Mercer Wealth, which globally has $160 billion in AUM, plans to boost its AUM in the region to $2-$3bn in the next 2-3 years from the present $1bn, said Yasir AbuShaban, a Dubai-based principal with Mercer Wealth.

Within the next two to three years, we are looking at reaching $2 to $3 billion as a conservative estimate and we do see an opportunity to do so,” said Mr AbuShaban.

Mercer does not directly make investments, but allocates clients’ money they have discretion to, to professional asset managers. They also provide advice to clients.

“We have buying power. We can negotiate on their (client’s) behalf with asset managers to provide them lower fees than they otherwise would have to get on their own,” he added.

Mercer Wealth’s clients include sovereign wealth funds, family offices, and insurance companies among others.

From its office in Dubai, Mercer also looks after Africa, India and Turkey, where they also see opportunity for growth.

Wealth creation in Middle East and Africa (MEA) grew 8.5 per cent to $8.1 trillion last year from $7.5tn in 2015, higher than last year’s global average of 6 per cent and the second-highest growth in a region after Asia-Pacific which grew 9.9 per cent, according to consultancy Boston Consulting Group (BCG). In the region, where wealth grew just 1.9 per cent in 2015 compared with 2014, a pickup in oil prices has helped in wealth generation.

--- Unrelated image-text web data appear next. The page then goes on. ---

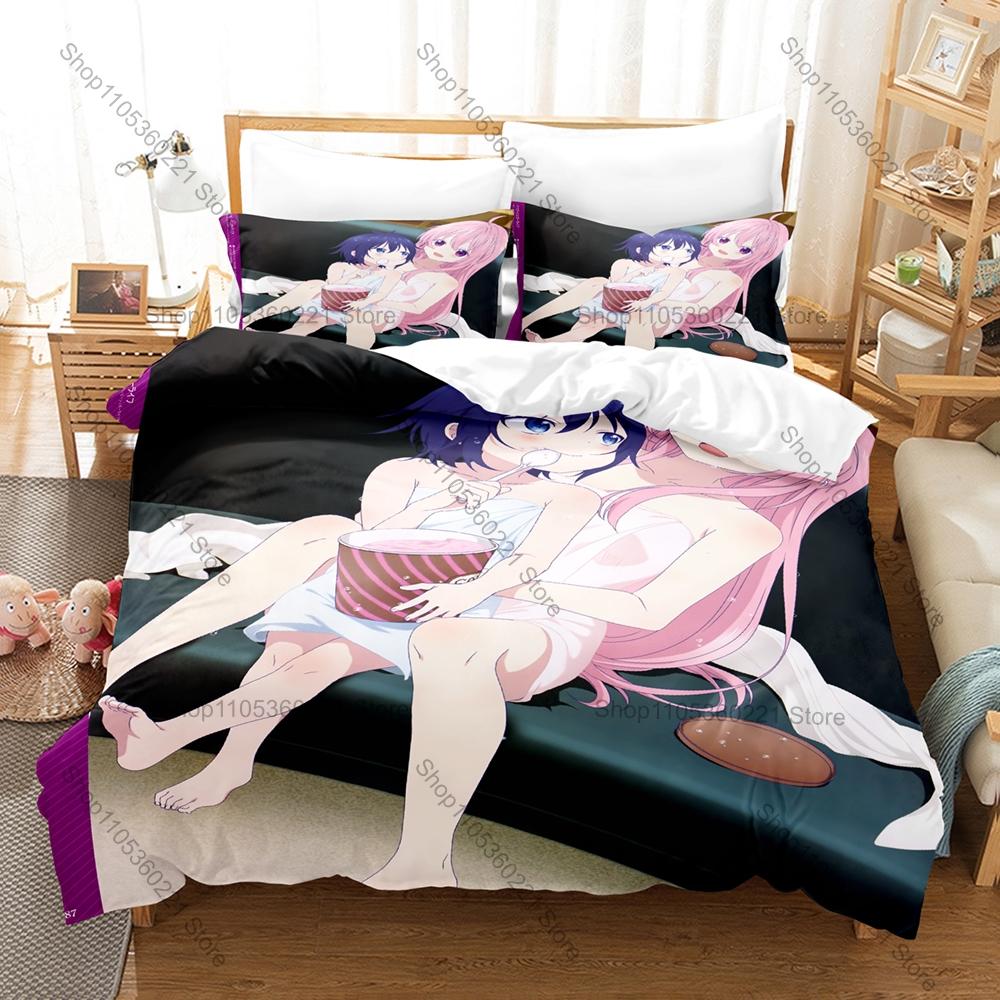Cool Personality Happy Sugar Life Anime Bedding Set New Duvet Cover Set For Fans Bedroom Home Decor Bed Linen All Sizes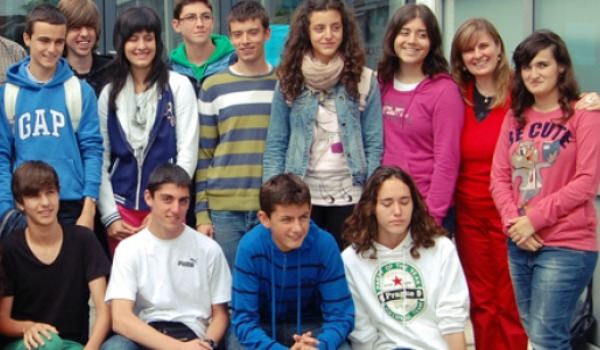 Pequeño grupo de estudiantes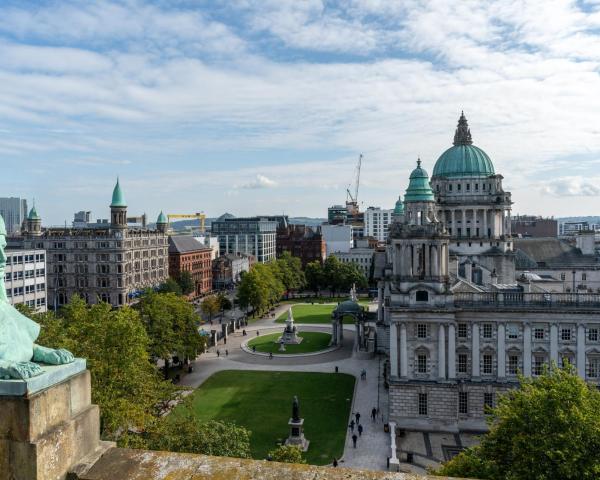 A beautiful view of Belfast.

BCG is forecasting MEA wealth will rise to $12tn by 2021, growing at an annual average of 8 per cent.

Drivers of wealth generation in the region will be split evenly between new wealth creation and growth of performance of existing assets, according to BCG.

Another general trend in the region is clients’ looking for a comprehensive approach to investing, according to Mr AbuShaban.

“Institutional investors or some of the families are seeing a slowdown in the available capital they have to invest and in that sense they are looking at optimizing the way they manage their portfolios and making sure they are not investing haphazardly and different parts of their investment are working together,” said Mr AbuShaban.

Some clients also have a higher appetite for risk, given the low interest-rate environment that does not provide enough yield for some institutional investors. These clients are keen to invest in illiquid assets, such as private equity and infrastructure.

“What we have seen is a desire for higher returns in what has been a low-return environment specifically in various fixed income or bonds,” he said.

“In this environment, we have seen a de facto increase in the risk that clients are taking in things like illiquid investments, private equity investments, infrastructure and private debt, those kind of investments were higher illiquidity results in incrementally higher returns.”

The Abu Dhabi Investment Authority, one of the largest sovereign wealth funds, said in its 2016 report that has gradually increased its exposure in direct private equity and private credit transactions, mainly in Asian markets and especially in China and India. The authority’s private equity department focused on structured equities owing to “their defensive characteristics.”